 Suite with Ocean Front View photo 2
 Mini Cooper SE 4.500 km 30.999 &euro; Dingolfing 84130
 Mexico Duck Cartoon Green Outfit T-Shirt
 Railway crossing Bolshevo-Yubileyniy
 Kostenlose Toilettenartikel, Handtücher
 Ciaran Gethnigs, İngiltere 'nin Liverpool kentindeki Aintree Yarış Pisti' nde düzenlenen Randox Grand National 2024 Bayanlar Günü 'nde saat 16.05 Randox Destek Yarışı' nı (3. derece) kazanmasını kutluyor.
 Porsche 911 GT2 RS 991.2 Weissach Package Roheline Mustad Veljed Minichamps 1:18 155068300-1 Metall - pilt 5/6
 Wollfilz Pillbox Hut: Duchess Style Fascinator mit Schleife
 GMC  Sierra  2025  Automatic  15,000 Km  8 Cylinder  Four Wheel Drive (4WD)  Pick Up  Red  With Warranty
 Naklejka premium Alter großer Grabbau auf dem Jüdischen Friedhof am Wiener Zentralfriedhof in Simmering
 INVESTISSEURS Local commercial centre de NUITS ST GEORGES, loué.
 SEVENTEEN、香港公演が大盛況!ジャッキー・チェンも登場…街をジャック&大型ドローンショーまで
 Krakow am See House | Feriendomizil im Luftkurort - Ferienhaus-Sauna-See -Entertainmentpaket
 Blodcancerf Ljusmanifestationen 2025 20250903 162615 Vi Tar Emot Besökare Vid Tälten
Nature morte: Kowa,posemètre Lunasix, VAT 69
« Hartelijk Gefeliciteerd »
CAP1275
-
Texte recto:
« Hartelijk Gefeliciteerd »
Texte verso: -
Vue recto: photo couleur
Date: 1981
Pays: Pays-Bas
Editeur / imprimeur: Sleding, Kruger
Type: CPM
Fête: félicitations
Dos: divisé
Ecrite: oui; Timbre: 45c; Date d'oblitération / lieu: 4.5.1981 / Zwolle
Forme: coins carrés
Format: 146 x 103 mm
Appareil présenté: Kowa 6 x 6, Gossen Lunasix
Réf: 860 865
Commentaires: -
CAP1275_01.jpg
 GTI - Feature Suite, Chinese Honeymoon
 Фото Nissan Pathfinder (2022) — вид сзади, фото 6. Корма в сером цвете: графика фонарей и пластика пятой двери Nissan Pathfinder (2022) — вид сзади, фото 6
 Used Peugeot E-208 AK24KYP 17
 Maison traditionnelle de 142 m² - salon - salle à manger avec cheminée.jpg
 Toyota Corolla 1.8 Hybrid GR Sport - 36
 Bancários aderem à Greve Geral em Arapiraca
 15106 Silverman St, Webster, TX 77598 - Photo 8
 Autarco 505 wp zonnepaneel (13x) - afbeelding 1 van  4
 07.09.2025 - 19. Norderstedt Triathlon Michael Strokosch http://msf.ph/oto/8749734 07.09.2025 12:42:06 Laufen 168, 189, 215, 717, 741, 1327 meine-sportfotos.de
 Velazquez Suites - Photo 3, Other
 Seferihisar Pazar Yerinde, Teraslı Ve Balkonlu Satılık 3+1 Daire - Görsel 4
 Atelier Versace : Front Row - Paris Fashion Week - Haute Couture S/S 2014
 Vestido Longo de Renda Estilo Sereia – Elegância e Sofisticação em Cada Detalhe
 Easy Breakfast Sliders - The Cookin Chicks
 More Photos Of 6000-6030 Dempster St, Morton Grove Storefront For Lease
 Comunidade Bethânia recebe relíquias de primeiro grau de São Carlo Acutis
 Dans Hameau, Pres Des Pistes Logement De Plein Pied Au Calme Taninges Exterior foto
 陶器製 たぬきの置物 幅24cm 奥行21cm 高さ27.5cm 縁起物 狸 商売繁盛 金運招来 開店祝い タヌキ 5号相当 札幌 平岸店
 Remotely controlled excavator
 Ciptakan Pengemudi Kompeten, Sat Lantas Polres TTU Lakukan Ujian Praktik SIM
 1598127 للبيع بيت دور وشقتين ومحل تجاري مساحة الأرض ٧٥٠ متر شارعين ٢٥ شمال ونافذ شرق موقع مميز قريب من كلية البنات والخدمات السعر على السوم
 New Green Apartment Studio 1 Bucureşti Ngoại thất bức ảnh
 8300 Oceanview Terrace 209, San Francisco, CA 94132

- **WORK INSTRUCTIONS**:
The response must hold only the lines above from the line with "Format: 146 x 103 mm" through the line with "Autarco 505 wp", each copied exactly, both ends kept.

- **RESPONSE**:
Format: 146 x 103 mm
Appareil présenté: Kowa 6 x 6, Gossen Lunasix
Réf: 860 865
Commentaires: -
CAP1275_01.jpg
 GTI - Feature Suite, Chinese Honeymoon
 Фото Nissan Pathfinder (2022) — вид сзади, фото 6. Корма в сером цвете: графика фонарей и пластика пятой двери Nissan Pathfinder (2022) — вид сзади, фото 6
 Used Peugeot E-208 AK24KYP 17
 Maison traditionnelle de 142 m² - salon - salle à manger avec cheminée.jpg
 Toyota Corolla 1.8 Hybrid GR Sport - 36
 Bancários aderem à Greve Geral em Arapiraca
 15106 Silverman St, Webster, TX 77598 - Photo 8
 Autarco 505 wp zonnepaneel (13x) - afbeelding 1 van  4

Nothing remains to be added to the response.